CAPI was mid-roll. Scaleway refused DeleteServer because the Mac mini was inside its multi-week Apple-licensing billing floor. With strategy: OnDelete CAPI can’t bring up the replacement until the old Machine finalizes, the controller retried every 60s, and helm upgrade --atomic --wait hung against the 0/1 MachineDeployment for the full 30-min helm timeout. The pipeline wedged on a stuck fleet reconciliation that has nothing to do with the server change being shipped.

Two independent things were wrong:

  1. The controller’s billing-floor fallback was unreachable. DeleteServer already has a deliberate UpdateServer(scheduleDeletion=true) fallback for HTTP 412, but the predicate isPreconditionFailed only checked *scw.ResponseError, and scaleway-sdk-go’s hasResponseError returns the more specific *scw.PreconditionFailedError for parsed standard errors. The fallback rotted unreachable with zero test coverage.
  2. The lifecycle model was wrong. Cluster-driven Machine churn (rolls, scaling, replacement) shouldn’t trigger physical-host destruction — the operator already owns host pre-ordering through the tuist-pool- workflow, so they should own host destruction too. Coupling the two lifecycles put the 24h Apple licensing floor directly into the deploy critical path.

Fixes

Fix 1 — controller predicate

isPreconditionFailed now matches both *scw.PreconditionFailedError (the typed return after hasResponseError’s unmarshalStandardError) and the generic *scw.ResponseError with StatusCode == 412 (the fallback for unparsed responses). The schedule-deletion fallback was always meant to be the safety net for the terminate path; this makes it reachable. New tests pin both error shapes plus the two interesting fallback edges. The first one fails verbatim against the old code with the exact error string from the failed canary run.

Fix 2 — lifecycle model

New ReleaseToPool(id, zone, poolPrefix) on the Scaleway client renames a server back into <poolPrefix><uuid> and triggers Scaleway’s ReinstallServer (disk wipe + reimage with the server type’s default OS, ~15-20 min async on M2-L). reconcileDelete branches: pool-adopted Machines (the default) go through ReleaseToPool; auto-order Machines and any Machine annotated tuist.dev/release-policy: terminate keep the legacy DeleteServer path.

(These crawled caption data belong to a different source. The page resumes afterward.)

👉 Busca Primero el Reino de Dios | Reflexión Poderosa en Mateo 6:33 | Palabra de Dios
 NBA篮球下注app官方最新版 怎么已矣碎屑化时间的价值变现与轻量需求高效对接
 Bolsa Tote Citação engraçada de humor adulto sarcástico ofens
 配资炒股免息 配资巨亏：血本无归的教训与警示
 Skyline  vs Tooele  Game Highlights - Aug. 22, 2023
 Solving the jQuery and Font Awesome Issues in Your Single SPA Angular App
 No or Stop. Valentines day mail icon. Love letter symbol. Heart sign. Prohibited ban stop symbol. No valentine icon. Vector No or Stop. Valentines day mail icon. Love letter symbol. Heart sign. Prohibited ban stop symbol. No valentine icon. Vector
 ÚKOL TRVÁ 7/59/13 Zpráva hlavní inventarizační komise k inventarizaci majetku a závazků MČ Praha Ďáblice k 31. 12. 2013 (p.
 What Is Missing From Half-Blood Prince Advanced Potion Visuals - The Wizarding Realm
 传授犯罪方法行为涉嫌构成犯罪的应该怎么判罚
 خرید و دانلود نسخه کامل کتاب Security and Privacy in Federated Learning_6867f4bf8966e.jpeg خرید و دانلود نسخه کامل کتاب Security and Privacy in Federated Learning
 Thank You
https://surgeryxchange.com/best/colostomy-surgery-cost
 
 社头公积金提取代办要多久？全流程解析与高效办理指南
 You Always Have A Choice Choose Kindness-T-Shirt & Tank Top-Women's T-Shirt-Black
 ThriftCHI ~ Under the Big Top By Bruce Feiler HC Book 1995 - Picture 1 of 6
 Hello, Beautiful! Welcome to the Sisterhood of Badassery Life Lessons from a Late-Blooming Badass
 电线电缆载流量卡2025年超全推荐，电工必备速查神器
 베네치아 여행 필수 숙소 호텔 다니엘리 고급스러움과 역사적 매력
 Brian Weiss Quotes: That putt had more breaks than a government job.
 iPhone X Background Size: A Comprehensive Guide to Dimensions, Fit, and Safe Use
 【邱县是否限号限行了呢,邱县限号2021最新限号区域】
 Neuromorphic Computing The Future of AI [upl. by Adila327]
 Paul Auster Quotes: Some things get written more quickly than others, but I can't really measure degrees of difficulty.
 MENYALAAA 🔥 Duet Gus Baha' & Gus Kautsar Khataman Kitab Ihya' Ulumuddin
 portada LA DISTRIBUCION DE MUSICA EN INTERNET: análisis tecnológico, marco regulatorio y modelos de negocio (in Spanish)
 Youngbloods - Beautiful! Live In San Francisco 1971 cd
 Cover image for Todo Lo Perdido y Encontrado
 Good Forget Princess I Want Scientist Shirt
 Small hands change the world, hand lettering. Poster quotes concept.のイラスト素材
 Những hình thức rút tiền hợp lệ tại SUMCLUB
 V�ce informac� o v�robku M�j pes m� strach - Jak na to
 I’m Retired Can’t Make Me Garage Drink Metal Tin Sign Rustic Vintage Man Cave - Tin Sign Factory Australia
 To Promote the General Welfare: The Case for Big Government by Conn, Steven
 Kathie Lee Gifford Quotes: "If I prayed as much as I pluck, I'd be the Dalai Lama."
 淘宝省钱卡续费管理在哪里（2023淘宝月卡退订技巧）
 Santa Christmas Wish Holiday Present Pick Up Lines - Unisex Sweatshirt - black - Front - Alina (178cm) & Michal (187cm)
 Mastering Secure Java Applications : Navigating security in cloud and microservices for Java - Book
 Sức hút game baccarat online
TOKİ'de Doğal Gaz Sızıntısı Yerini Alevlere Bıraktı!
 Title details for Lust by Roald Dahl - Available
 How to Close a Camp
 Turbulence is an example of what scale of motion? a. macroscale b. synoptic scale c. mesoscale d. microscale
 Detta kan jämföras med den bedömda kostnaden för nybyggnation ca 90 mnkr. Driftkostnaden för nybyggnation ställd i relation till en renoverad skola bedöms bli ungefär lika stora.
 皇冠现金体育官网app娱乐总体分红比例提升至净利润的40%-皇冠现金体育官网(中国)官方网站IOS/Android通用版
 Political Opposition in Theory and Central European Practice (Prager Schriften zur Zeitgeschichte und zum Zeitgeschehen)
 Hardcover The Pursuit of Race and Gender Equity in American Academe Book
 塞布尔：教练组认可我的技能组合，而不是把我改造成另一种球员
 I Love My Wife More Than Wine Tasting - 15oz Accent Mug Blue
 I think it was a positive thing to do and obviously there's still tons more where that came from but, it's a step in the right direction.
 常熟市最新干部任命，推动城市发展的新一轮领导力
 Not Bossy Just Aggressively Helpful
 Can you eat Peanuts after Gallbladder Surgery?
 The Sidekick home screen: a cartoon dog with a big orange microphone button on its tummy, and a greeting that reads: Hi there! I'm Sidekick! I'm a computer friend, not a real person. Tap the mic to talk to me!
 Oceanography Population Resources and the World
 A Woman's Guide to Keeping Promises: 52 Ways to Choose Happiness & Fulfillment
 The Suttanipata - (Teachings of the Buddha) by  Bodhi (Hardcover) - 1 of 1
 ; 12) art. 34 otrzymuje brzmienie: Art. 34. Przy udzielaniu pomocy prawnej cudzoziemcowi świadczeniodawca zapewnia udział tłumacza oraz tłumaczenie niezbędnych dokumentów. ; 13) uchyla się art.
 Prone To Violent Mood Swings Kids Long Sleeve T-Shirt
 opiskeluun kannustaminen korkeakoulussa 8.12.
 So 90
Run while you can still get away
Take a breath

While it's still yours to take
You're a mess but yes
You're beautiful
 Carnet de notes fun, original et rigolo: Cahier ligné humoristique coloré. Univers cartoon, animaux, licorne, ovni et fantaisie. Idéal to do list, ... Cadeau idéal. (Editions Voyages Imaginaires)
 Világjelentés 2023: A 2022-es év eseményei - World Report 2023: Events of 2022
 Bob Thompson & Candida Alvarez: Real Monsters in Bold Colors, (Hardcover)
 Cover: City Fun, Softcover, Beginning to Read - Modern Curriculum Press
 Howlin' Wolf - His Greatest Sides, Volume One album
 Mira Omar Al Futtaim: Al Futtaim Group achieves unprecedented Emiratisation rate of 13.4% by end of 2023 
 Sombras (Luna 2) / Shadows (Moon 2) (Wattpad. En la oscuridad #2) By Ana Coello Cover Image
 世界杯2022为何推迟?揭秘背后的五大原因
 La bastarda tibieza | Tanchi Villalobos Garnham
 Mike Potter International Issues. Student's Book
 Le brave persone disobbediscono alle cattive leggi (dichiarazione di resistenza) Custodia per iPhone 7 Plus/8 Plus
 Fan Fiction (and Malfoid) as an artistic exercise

Cluster Machine churn no longer destroys physical hosts. The Mac mini stays alive, comes back to factory-default state, and is re-eligible for the next AdoptByPrefix once Scaleway flips it to Delivered + Ready. The 24h billing floor doesn’t enter cluster reconciliation at all. Bootstrap doesn’t need to be re-entrant across multiple adoptions because every adopt sees a freshly reinstalled host.

ReleaseToPool is idempotent across controller crashes: rename to a fresh UUID is safe to repeat (both pool names are valid), a second reinstall while one is in flight returns a TransientStateError we swallow, and 404 on either step means an operator-deleted host so we let the Machine finalizer drop cleanly. Reinstall itself is fire-and-forget — AdoptByPrefix‘s Delivered + Status == Ready filter naturally excludes a host while it’s reinstalling, so we don’t hold up Machine finalization waiting for Scaleway to finish the wipe.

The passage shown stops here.